Paul Marshall, Consultant

7.1 Introduction

In this section we describe how SEECA applies to system level requirements generation and flowdown. Figure 7.1 depicts the flow of the criticality analysis as it occurs with other stages of radiation evaluation activities in the generalized system design process. From this figure, we see the bold outlined boxes which address specific stages of the process pertaining to radiation effects and analysis. Recognizing the time and design stage progression from right to left in the figure, these tasks can be broken out of the overall effort as follows:

[1] Ionizing radiation environment prediction
[2] Ideal geometry total ionizing dose analysis
[3] Top-level total ionizing dose requirements definition
[4] Top level SEE functional requirements
[5] 3-D geometry ray trace dose analysis
[6] Part level total dose requirements
[7] Part level SEE requirements
[8] SEE testing and design verification
[9] Total ionizing dose testing and design verification

As the figure depicts, the SEECA methodology involves steps 4,7, and 8. Also, it ties in with system and subsystem failure assessment and system/board level functional analyses as is indicated.

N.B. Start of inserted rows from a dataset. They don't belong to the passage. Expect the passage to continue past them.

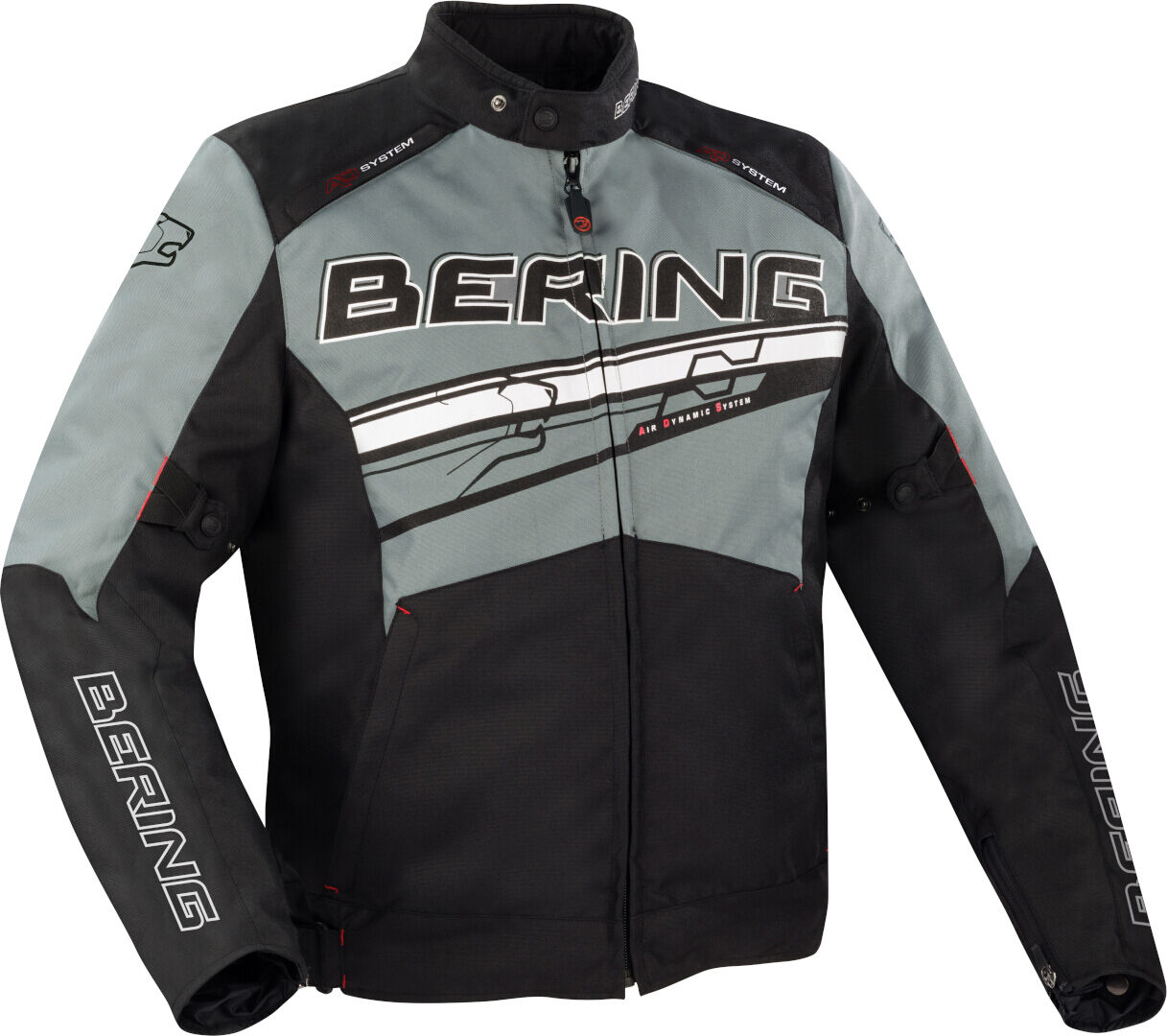 Bering Bario Chaqueta textil de la motocicleta - Negro Gris Blanco (S)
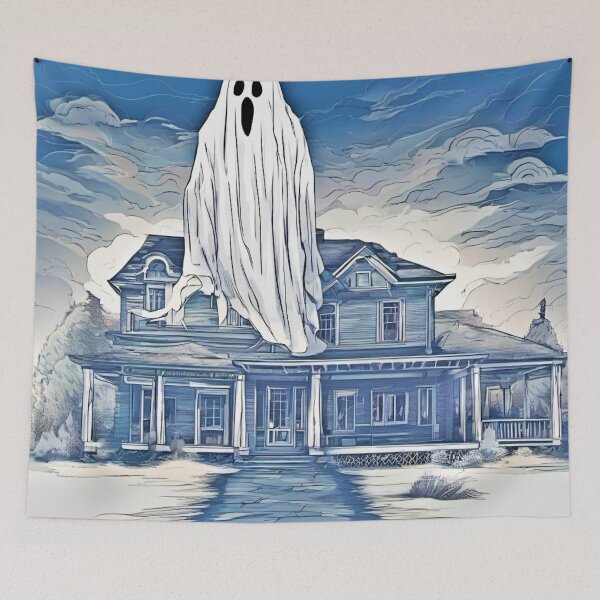 Item preview, Spooky Ghost House designed and sold by Health And Fitness Posts e-Store.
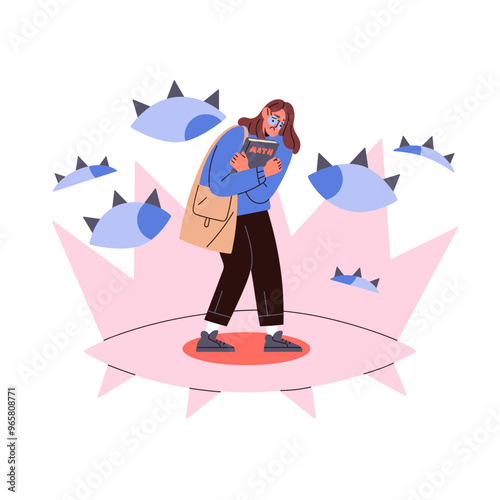 Fear of judgment concept. Teenager with psychological problems suffers from social blame, violence, cyber bullying, abuse in internet, school. Flat isolated vector illustration on white background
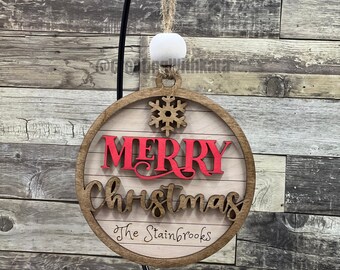Personalized Merry Christmas Rustic Simple Family Grandchildren Pet Ornament, Personalized Custom Family Ornament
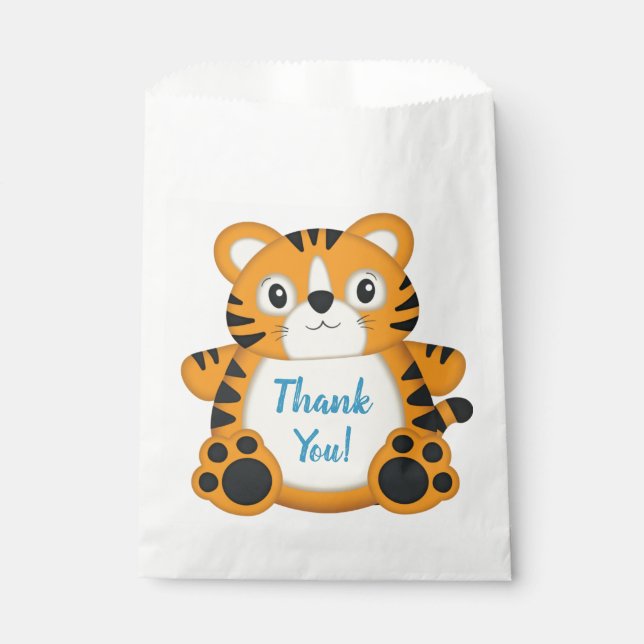 Sachets En Papier Fête d'anniversaire du tigre (Devant)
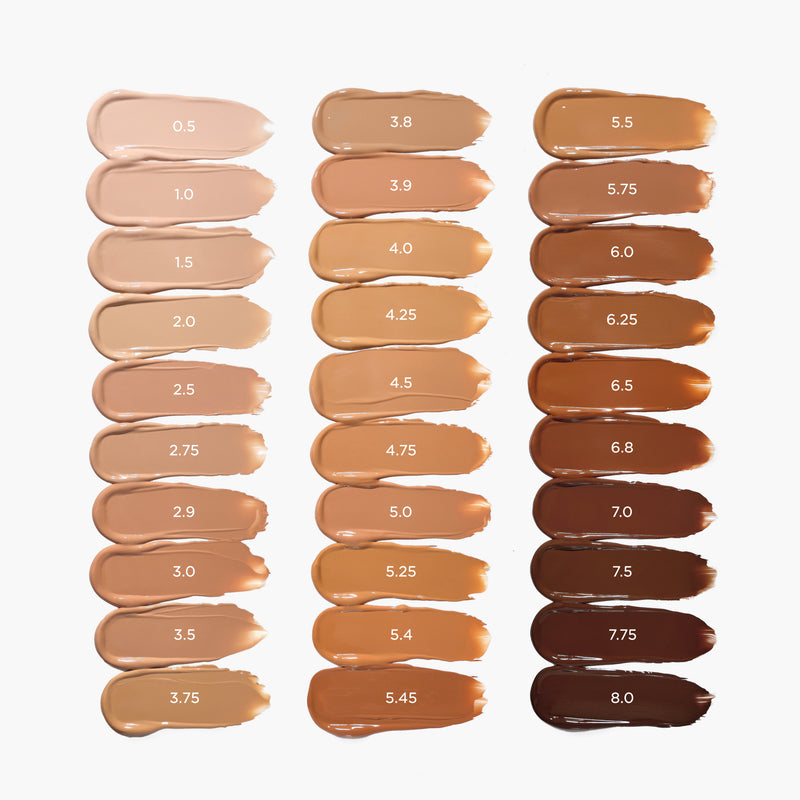 Blanc 0.5 Porcelain 1.0 Porcelain Plus 1.5 Fair 2.0 Fair Plus 2.5 Fair Golden 2.75 Fair Beige 2.9 Light 3.0 Light Plus 3.5 Light Golden 3.75 Light Medium 3.8 Light Beige 3.9 Medium 4.0 Medium Golden 4.25 Medium Plus 4.5 Medium Beige 4.75 Tan 5.0 Tan Neutral 5.25 Tan Golden 5.4 Toasted 5.45 Tan Plus 5.5 Tan Beige 5.75 Rich 6.0 Rich Plus 6.5 Rich Golden 6.25 Rich Deep 6.8 Deep 7.0 Deep Plus 7.5 Deep Dark 7.75 Ebony 8.0
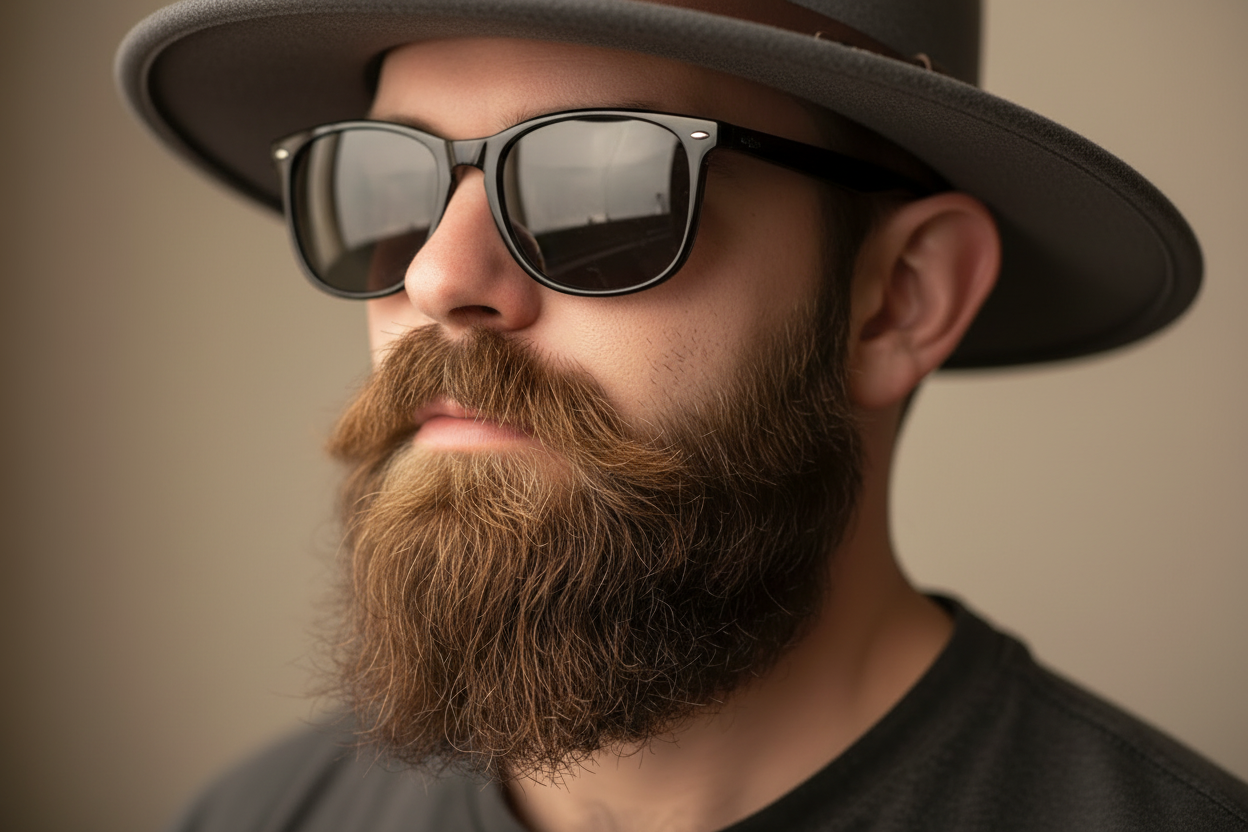 with hat and sunglasses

In the remainder of this section, we track these processes and indicate the roles of the various specialists (system engineers, project managers, design engineers, and radiation effects engineers) through the timeline as it progresses from mission definition to system design verification.

7.2 System Level Requirements for SEE

Mission planners ultimately decide the radiation environment in which the satellite will need to function, and this is usually done in a manner which maximizes performance while minimizing radiation exposure. Even so, most missions will at some point encounter considerable particle exposures whether in the South Atlantic Anomaly or from energetic solar particles ejected from solar flares. Also, as discussed in Section 3, the heavily ionizing cosmic ray environment extends to all orbits to some degree. The anticipated particle environment then follows from the orbit and the mission time with respect to solar activity, and the models for predicting these environments have been described in section 3.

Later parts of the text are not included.